From the line that contains "Okinawa Churaumi Aquarium ~Whale sharks in a large tank~ Okinawa" down to the last line of the data below, restate every line word for word, skipping any images.

··· RECORDS SHOWN

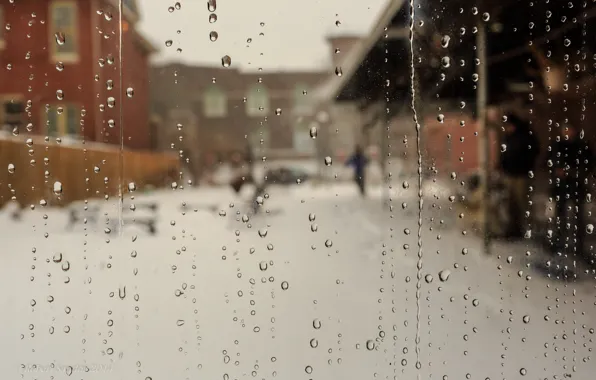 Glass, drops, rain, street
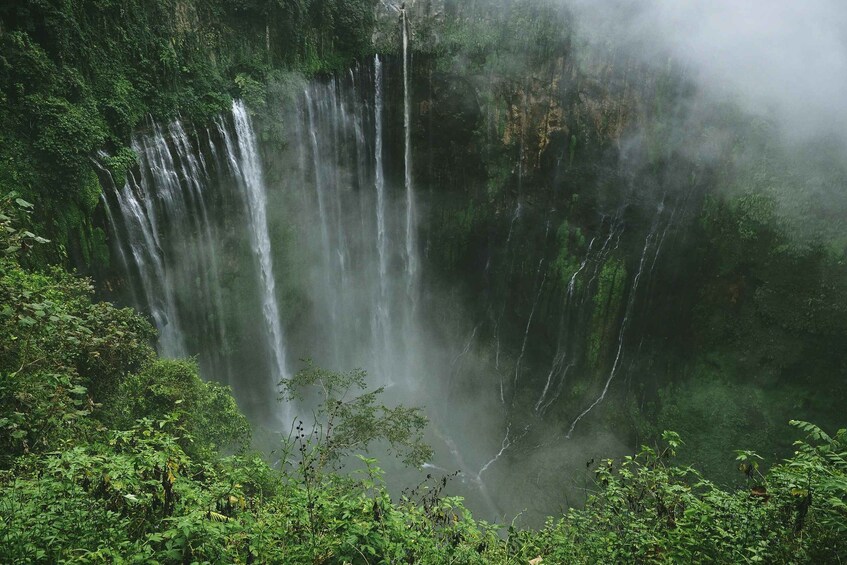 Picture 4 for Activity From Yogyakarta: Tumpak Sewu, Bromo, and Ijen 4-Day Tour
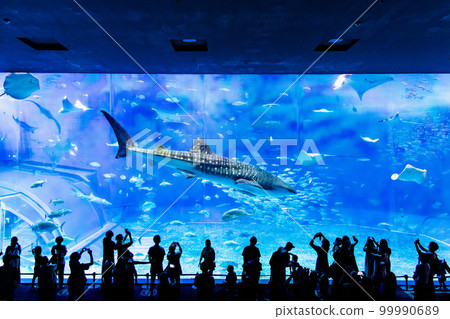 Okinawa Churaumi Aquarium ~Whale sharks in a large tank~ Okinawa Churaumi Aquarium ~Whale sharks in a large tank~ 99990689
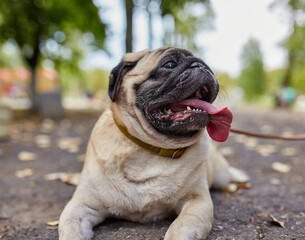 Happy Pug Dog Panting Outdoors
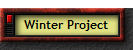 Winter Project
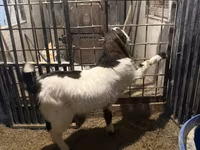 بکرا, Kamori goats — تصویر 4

······

> _COMPLETED EXERCISE_
 Okinawa Churaumi Aquarium ~Whale sharks in a large tank~ Okinawa Churaumi Aquarium ~Whale sharks in a large tank~ 99990689
 Happy Pug Dog Panting Outdoors
 Winter Project
 بکرا, Kamori goats — تصویر 4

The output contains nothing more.